Nov. 27, 2013
By Matt Winkeljohn
Sting Daily
Will Jackson was born in Athens, and spent a couple years there. It wasn’t long enough to develop an attachment. Matter of fact, there is not much about the place that he either remembers or relishes and that includes information that he’s gathered in recent years.
The Georgia Tech senior offensive lineman knows this: He does not like the University of Georgia, housed in Athens, nor its football team in particular. His father was transferred back home to Knoxville, Tenn., when Will was still a wee lad.
There, deeper axis thoughts were formed.
“I’m 100 percent attached to Georgia Tech, I think the fact that I grew up in Knoxville and my parents are Tennessee grads, probably 90 percent of my family has gone to Tennessee . . . I grew up rooting for Tennessee,” Jackson said.
“I always hated Georgia. They were rivals of Tennessee and even more when you get around the fans. We had some less-than-positive experience at some of the games [in Knoxville].”
Emotion alone will not decide Saturday’s game in Bobby Dodd Stadium.
“I had the pleasure of working with Erk Russell for a long time [at Georgia Southern],” Tech head coach Paul Johnson said the other day. “He had all kinds of phrases, but one of the ones that stuck with me was, ‘playing with intelligent fanaticism.’ That’s what you have to do.
“You can’t go harikari and play with such emotion and out of control. You have to be able to funnel that, and control that emotion.”
The Jackets have grounds to be emotional. This series has not gone well. In recent meetings, linebacker Quayshawn Nealy said. “We’ve had chances and opportunities and we just haven’t taken advantage of them. We pretty much got bullied out there. We want to look past those days . . . and do something that represents us, this new defense.”
Emotion will not slow Georgia running back Todd Gurley, whom Johnson suggested has some Herschel Walker-esque hue, nor even quarterback Hutson Mason.
He’ll make his first college start Saturday, stepping in where Aaron Murray – the most prolific passer in SEC history – stepped out last Saturday while suffering a college career-ending knee injury.
Mason is a fourth-year junior. He’s caddied for one of the better quarterbacks in college history. He may not have a slew of live snaps under his shoulder pads, but he is no neophyte.

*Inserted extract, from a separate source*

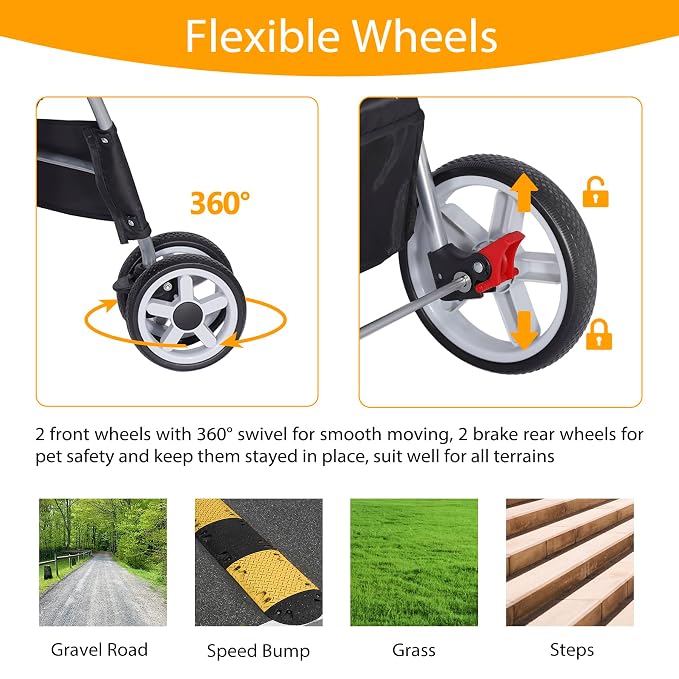 4 Wheels Dog Stroller Folding Pet Strolling Cart for Small Medium Cats Puppies Portable Jogger Travel Camping Puppy Carrier with Storage Basket Cup Holder, Black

“When they put him in after Murray got hurt, they didn’t miss a beat,” defensive coordinator Ted Roof said. “He’s not like some guy who was playing high school football last year. He’s been around the block.”
Roof has stories to tell. He’s played in this series, anchoring the Black Watch defense in the mid-1980s. There was the one where, in his senior year, the Yellow Jackets stoned the Bulldogs with quite a goal-line stand. “We had 13 on the field,” Roof recalls. “We didn’t want to stop at 12.”
He’s coached in this series as well, in the late 1990s and at the turn of the century. He was on the scene when the Jackets won 51-48 on that second field goal try after the first was blocked.
“You can tell . . . he played here at Tech,” Nealy said. “He knows the passion between Georgia and Georgia Tech and he shows it. He does that week in and week out. He’d be out there on the [practice] field, and he looks like he’s out there on the field with us. He’s reading and about to come down and make a tackle.”
Even if you weren’t born in Georgia, didn’t grow up here, and don’t have this series in your marrow, it does not take a lot of time to build respect for it if you’re a player.
Sophomore Adam Gotsis is from Australia, after all.
“Everyone has kind of had a rivalry in some game or sport. I’ve definitely played rival teams in basketball and football. It’s definitely not to this level,” the Aussie said. “You’ve got to have the mentality that it’s a dogfight. Nothing really has to be said.
“You’ve got a little bit of a chip on your shoulder. You know they’re coming in here to pretty much hit you in the face and you’ve got to have the same mentality.”